By EDWARD WONGPublished: January 19, 2012 |
This month hundreds of mortar rounds fired by the Burmese military landed within miles of this town near the mountainous Chinese border. International human rights groups and soldiers and officials of the Kachin ethnic group say that Burmese soldiers have burned and looted homes, planted mines, forcibly recruited villagers as porters and guides, and raped, tortured and executed civilians. Several thousand villagers have fled to China. Tens of thousands more who have been displaced could follow if the Burmese Army continues its offensive, local relief workers say.
Lazum Bulu will not be going farther. Exhausted by the flight from her village, she died on Jan. 10 in a bare concrete room in a camp here for the displaced. People said she was 107. Her body lay on blankets on the floor. “I regret that my mother can’t be buried with my father,” said her daughter, Hkang Je Mayun. “The Burmese Army was coming, and we didn’t want to live in the village anymore. We were afraid they would kill all the Kachin people.”
The fighting has raised questions about the limits of the reform agenda pushed by President Thein Sein, Myanmar’s first civilian president in nearly 50 years, who has led the opening to the West. Some analysts in Myanmar say Mr. Thein Sein has been unable or unwilling to control the generals pressing the war.

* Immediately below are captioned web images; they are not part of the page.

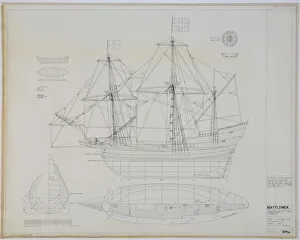 Drucke von Mayerblume. Linienplan (reine Planung, halbbrüstige Planung, Körperplan), allgemeiner Anordnung (Profil, halbe-Tiefe-Plan) und Segelplan. Skala 3/16 Zoll zu 1 Fuß Alle Bilder Drucke: Mayflower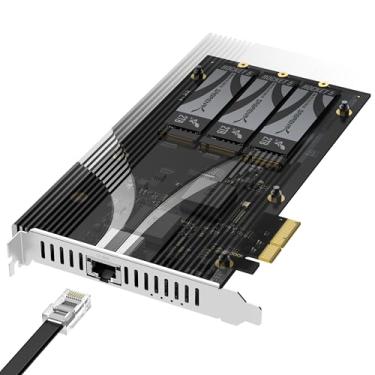 Imagem de SABRENT Placa complementar PCIe 3.0 x4 com slots SSD NVMe 10GbE e 3X M.2, dissipador de calor de alumínio sem ferramentas, suporta 2230/2242/2260/2280, sem necessidade de bifurcação, compatível com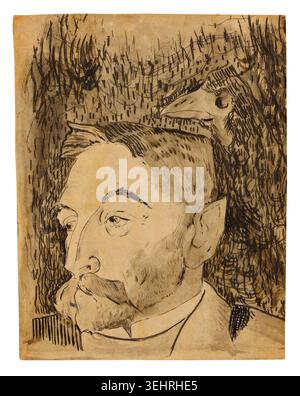 Porträt von Stephane Mallarme von Paul Gauguin, 1891, mit Darstellung des französischen Symbolisten Dichters im Dreiviertelprofil mit markanten Gesichtshaaren und langen Haaren Stockfoto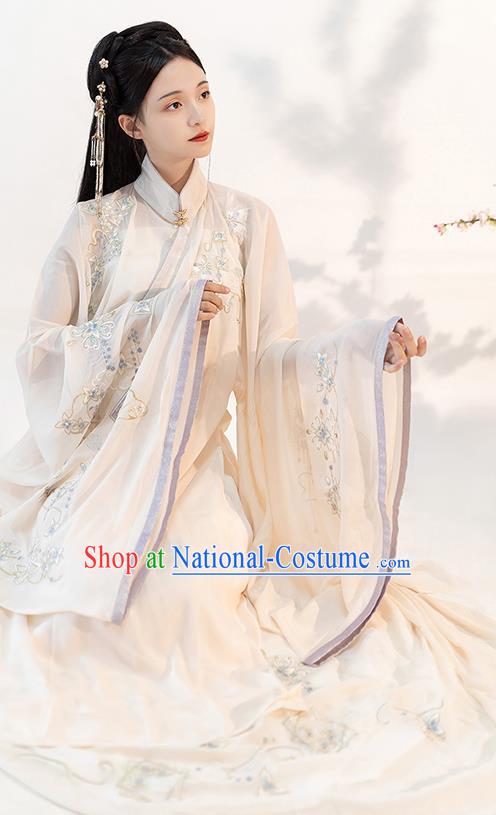 Chinese Ming Dynasty Noble Female Historical Costumes Traditional Apparels Ancient Rich Lady Embroidered Hanfu Dress for Women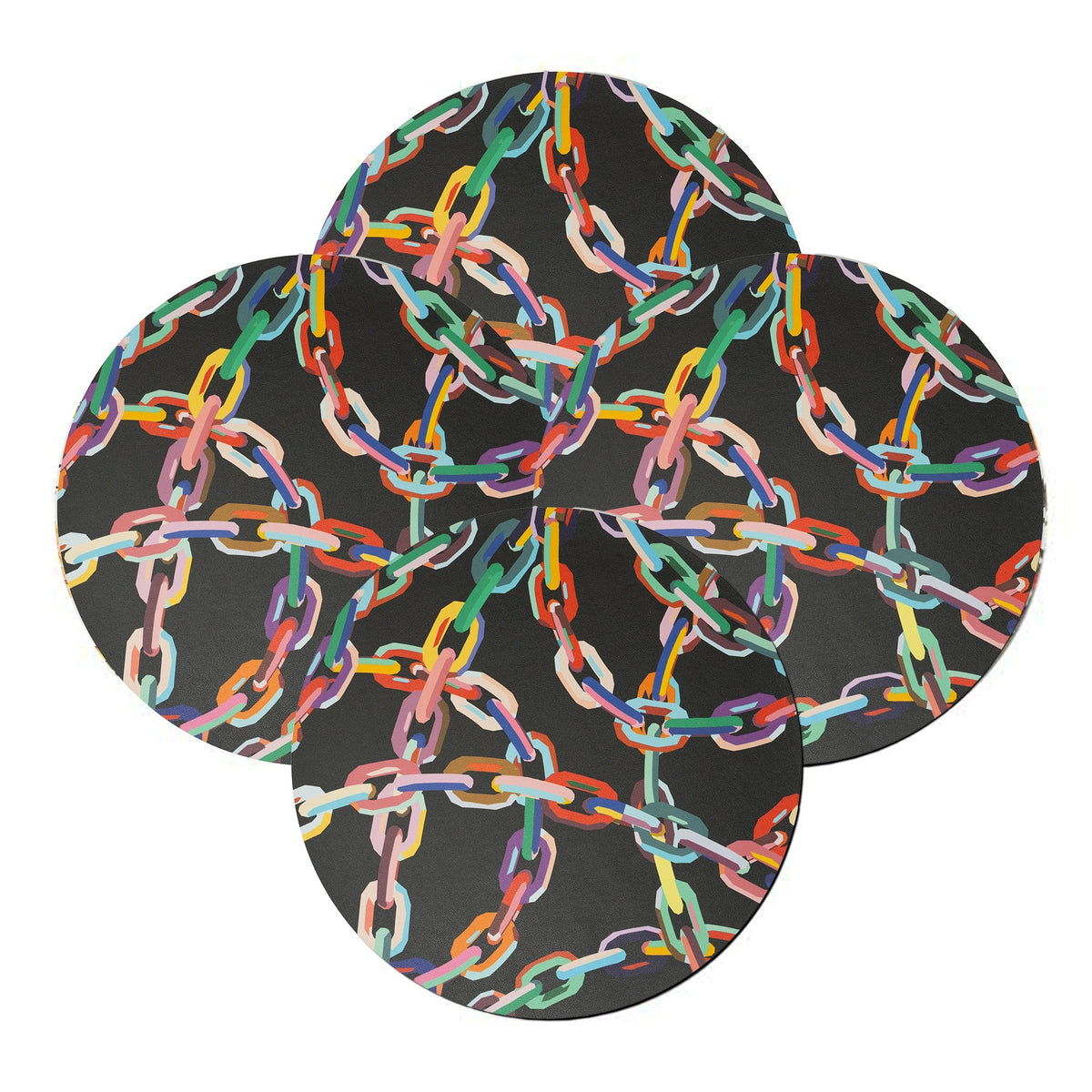 Chain Link Vinyl Placemats, Set of 4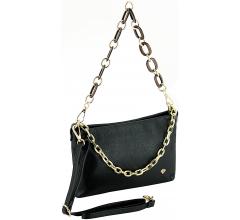 Caleidos Abendtasche schwarz Echtleder Kettenriemen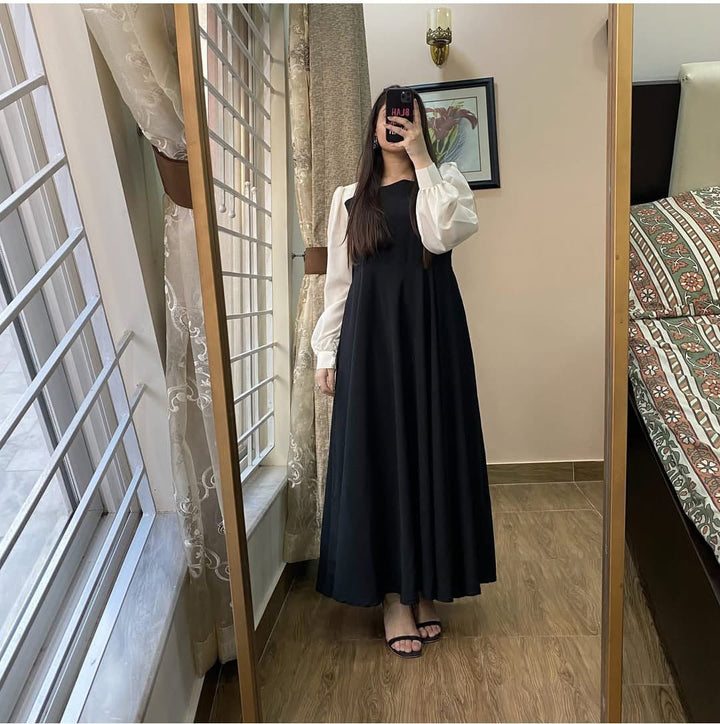 Platted Black Maxi with White Sleeves - | Buy Online from Areeba Boutiques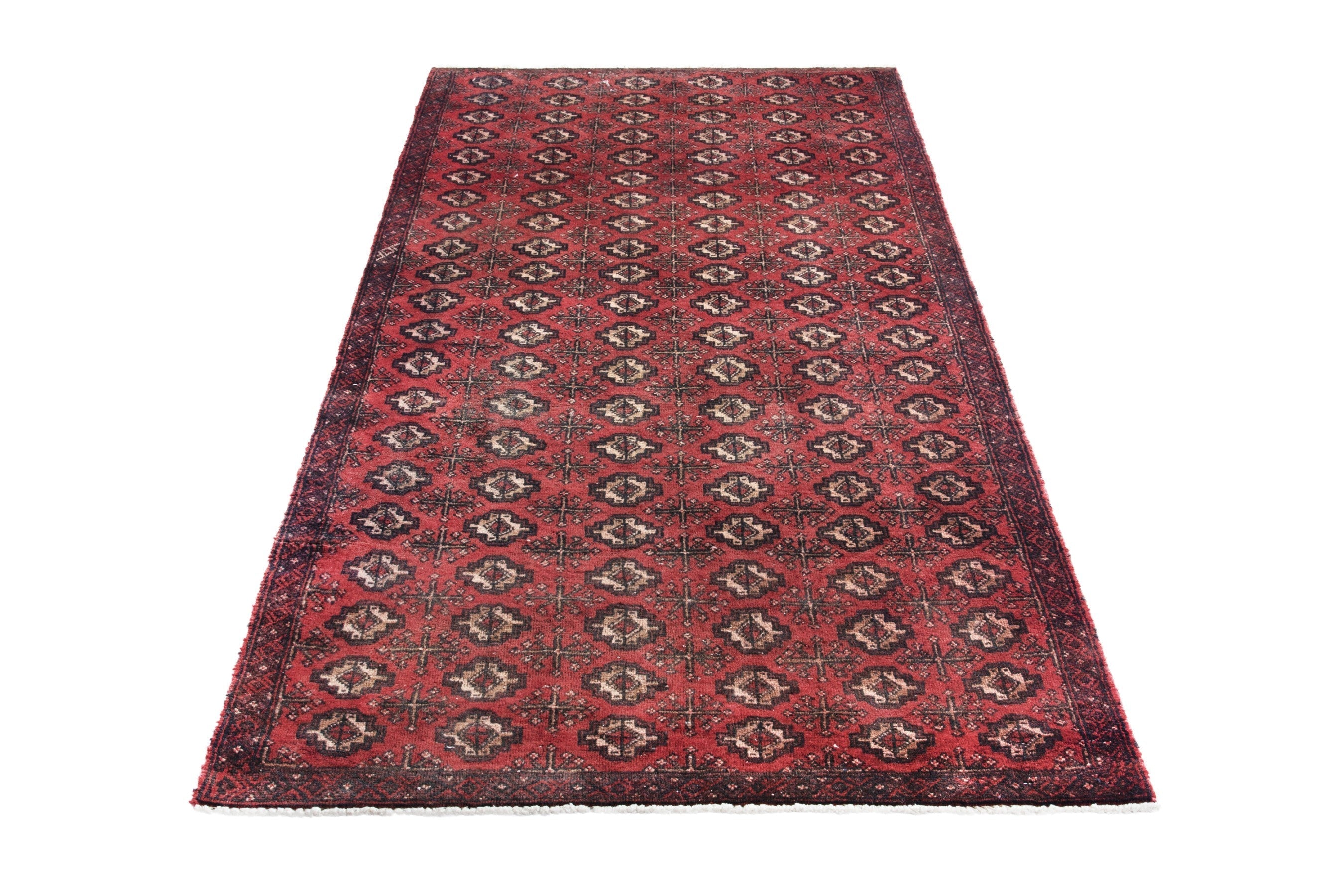 Persian Torkaman runner rug in deep red and cream, view 3 of 12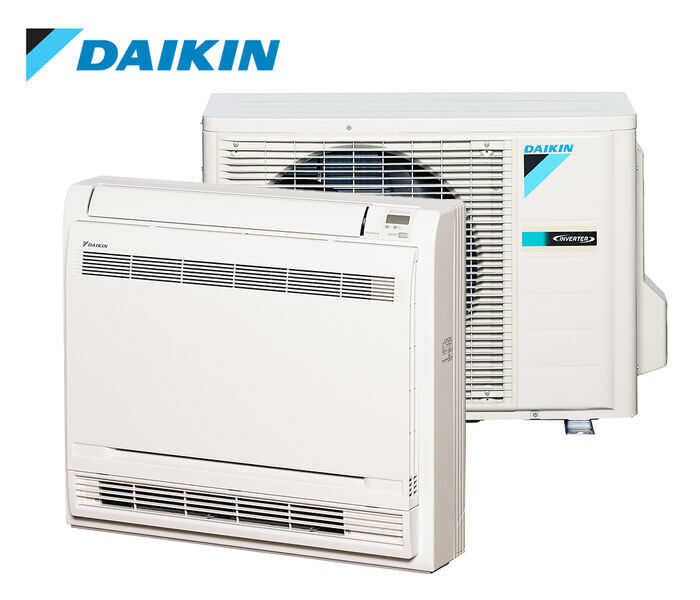 Daikin floor console AC, floor standing air conditioner, floor-mounted HVAC, energy-efficient inverter AC, residential floor AC, commercial floor air conditioner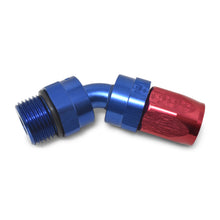 Load image into Gallery viewer, Russell Performance -10 AN Red/Blue Male SAE Port to -8 Hose 90 Degree (-10 Port 7/8in-14 Thread)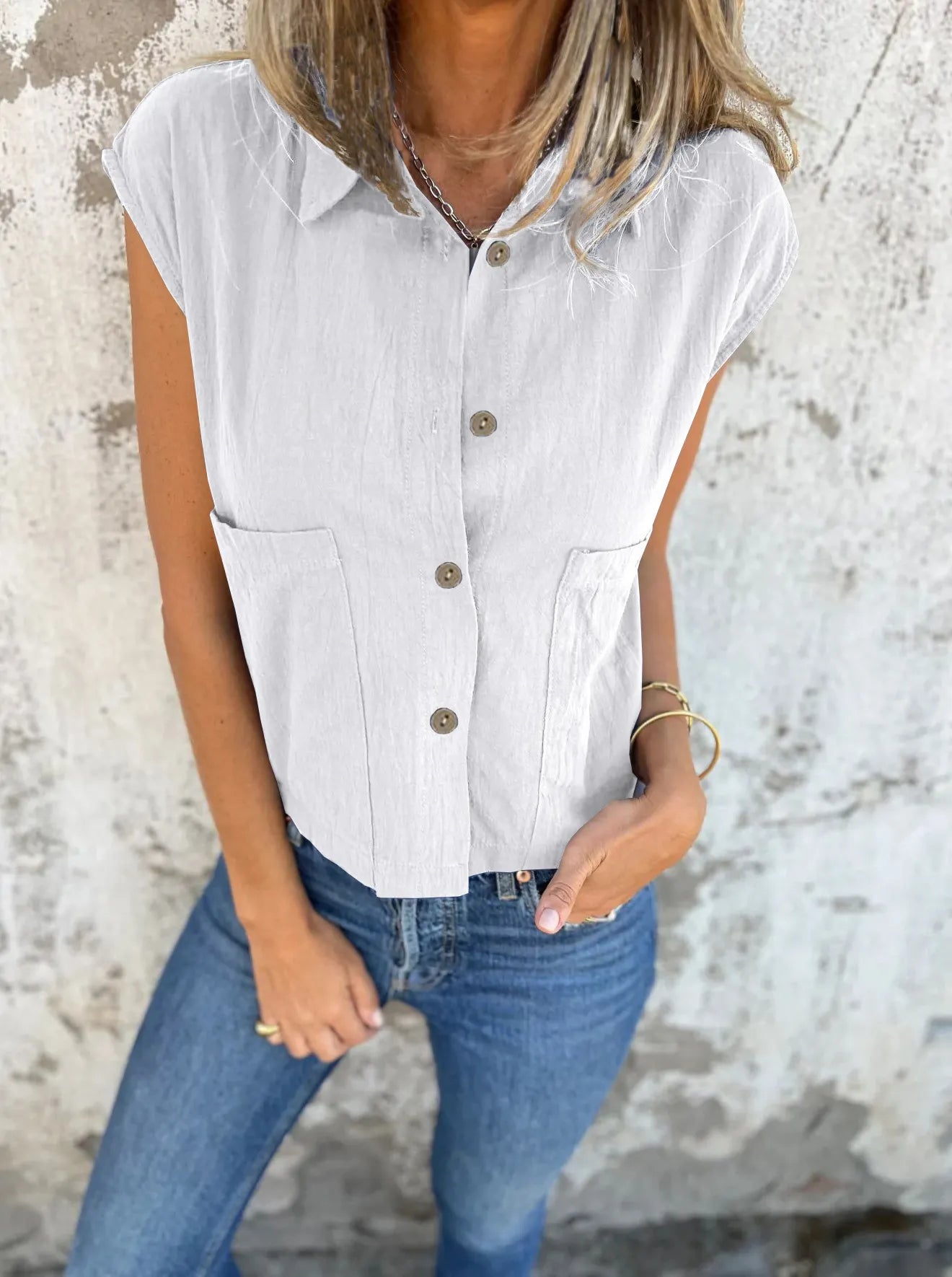 Breezy Linen Cap Sleeve Shirt in white with button-down front, cap sleeves, and pockets.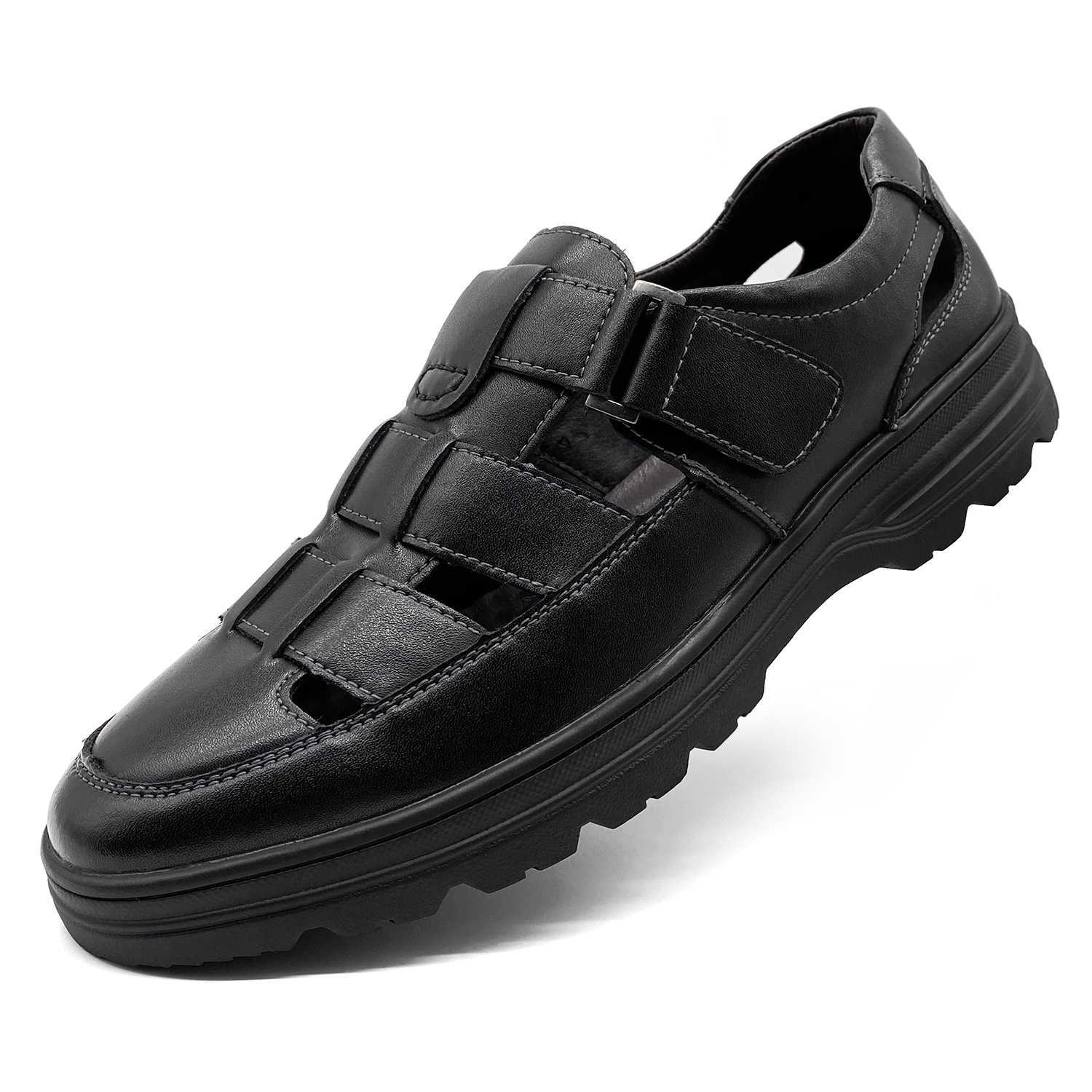 Classic Mens Openwork Sandals Luxury Leather Breathable Men Shoes High Quality Summer Sandal Soft Outdoor Slippers R5602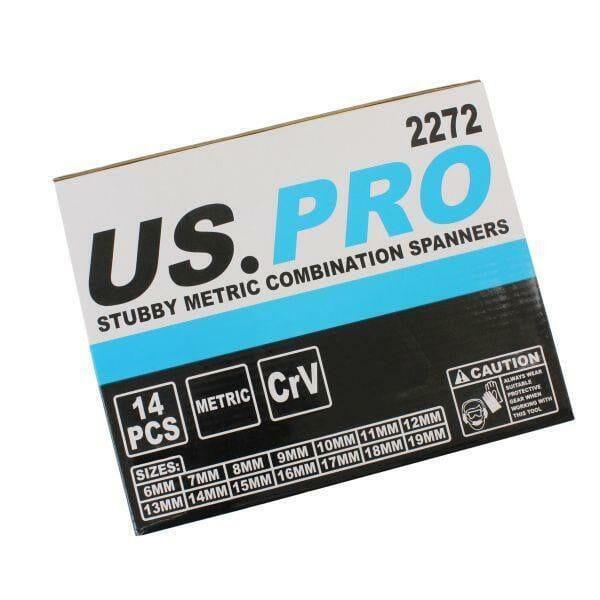 US PRO Tools 14pc Stubby Metric Combination Spanners Set 6-19mm Foam Tray 2272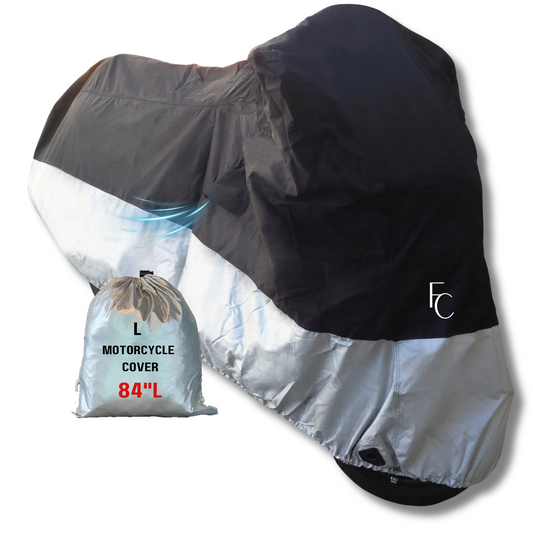 Lightweight black motorcycle cover for all seasons, water-resistant with UV protection and heat-resistant sections.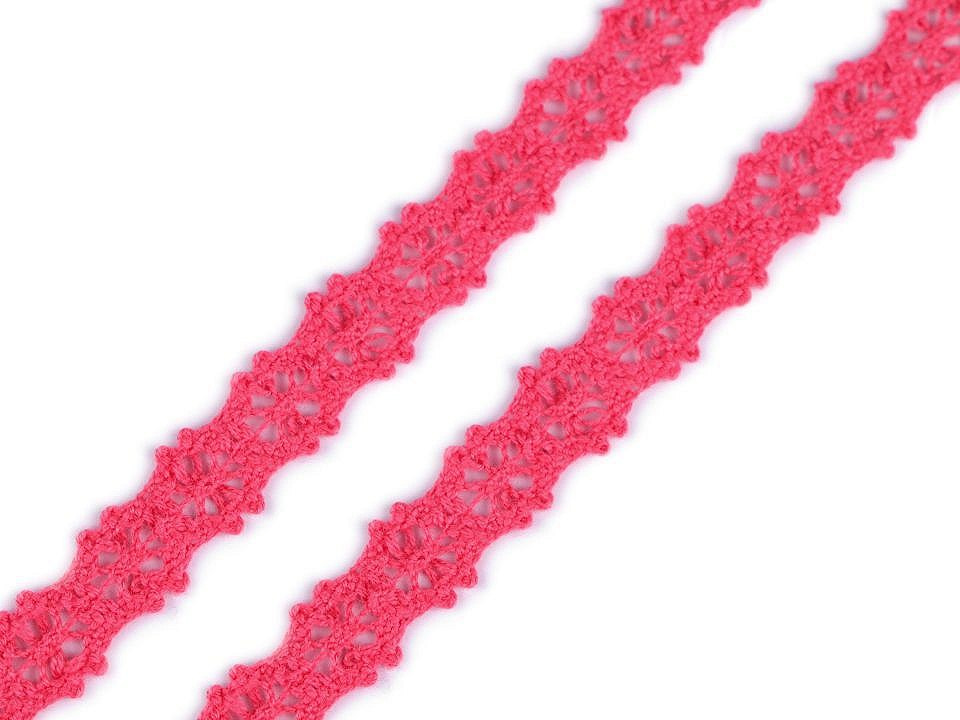 Krajka paličkovaná šíře 12 mm, barva 4 růžová korálová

Myanmar, formerly Burma, is riddled with ethnic civil conflicts, but this is the largest, with the greatest at stake. Right on the Chinese border, Kachin State is rich in jade, gold and timber, and has rivers that are being exploited by Chinese hydropower projects. Part of the state has long been controlled by the Kachin Independence Army and its political wing, which levies taxes on all commerce. The army allowed a reporter and a photographer recently to visit an area rarely seen by Western reporters for one week.
Both the United States and China would like to see the war resolved: the Chinese to ensure stability on the border and access to resources and important power projects; the United States to forestall the kinds of abuses by the Burmese military that present one of the biggest obstacles as President Obama considers lifting economic sanctions. At the same time, some Chinese officials and executives might welcome Burmese military control of the resource-rich areas, preferring to cut deals with the Burmese rather than the Kachin, foreign analysts say.
Some Kachin commanders say one factor that rekindled the war last June after a 17-year cease-fire may have been a desire by the Burmese military to widen its control of the areas with Chinese energy projects.
Such projects are a source of tension. After protests last year by Kachin civilians, Mr. Thein Sein suspended the planned Myitsone Dam, which was being built by a Chinese company in a part of the state controlled by the Burmese. That angered Chinese officials and executives, some of whom suspect Mr. Thein Sein of trying to wean Myanmar off its overreliance on China and to encourage investment from the West.